30 December, 2015

Indigenous Gaming

It's nice to be considered the "go to guy" for gaming support with regard to the Australian Indigenous community. If I had strung together my discussions with community members, my study at university, and my general work with local elders it would be a few solid weeks of immersion over the course of the last year. I don't think I'm an expert on the subject matter, I barely think I'm scratching the surface, I'd love to see an actual member of the Indigenous community writing games, but it seems that I'm the "go to guy" for the moment.

That means I've basically got an obligation to make sure Walkabout is finalised in the next couple of months... and to make sure the product released is as good as I can make it in order to start a dialogue with potential Indigenous game designers who are looking to tell their own stories.

One of the big problems I'm seeing with the Indigenous groups across Australia is the nature of "secret business", and the need to have some respect for the culture before you can be accepted into it. This acceptance is important because only those who are accepted are granted deeper knowledge about the ways of the people, and many members of the current adult generation have lost the knowledge of their ancestors and are trying to piece together the past from the fragments they have left. Many members of the upcoming adult generation don't understand the need for the respect and are risking a complete break in the continuity of 40,000+ years of oral history and lore. Even the fragments aren't being passed down.

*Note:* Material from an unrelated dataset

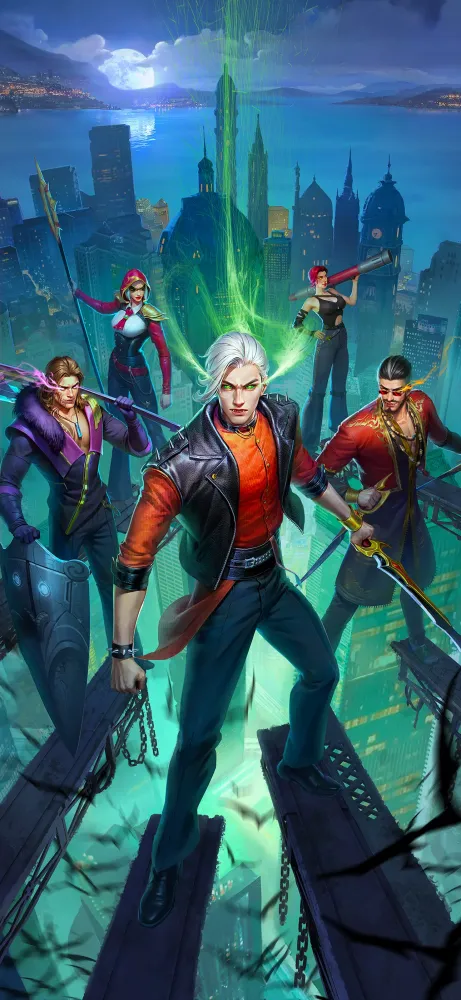 Ảnh chụp màn hình của Reign of Vampires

The spirituality has basically been lost, due to the "success" of the Christian missions. I'll be participating in a ritual that hasn't been fully enacted in over a century in the next couple of weeks, most of the ritual is being pieced together from anthropological texts and word of mouth from half a dozen different elders in different parts of the state, each of whom have a different form of the ritual according to the ways of their various people.

That's what Walkabout was all about. The loss of the spirituality and the return of the spirits to a world that no longer respects them. The earliest thoughts of the game had the characters learn their knowledge about spirits from third hand word-of-mouth, passed down from one of the last shamans to remember the secrets. But I think it's actually more poignant to have no-one with the full answers,especially since the answers will change from location to location because every spirit was revered by a different group of people and every group of people will have shown that respect in different ways. Walkabout was always intended to be a game about loss, and trying to gather the pieces of the past to make sense of a world in chaos, but now there needs to be something deeper in it.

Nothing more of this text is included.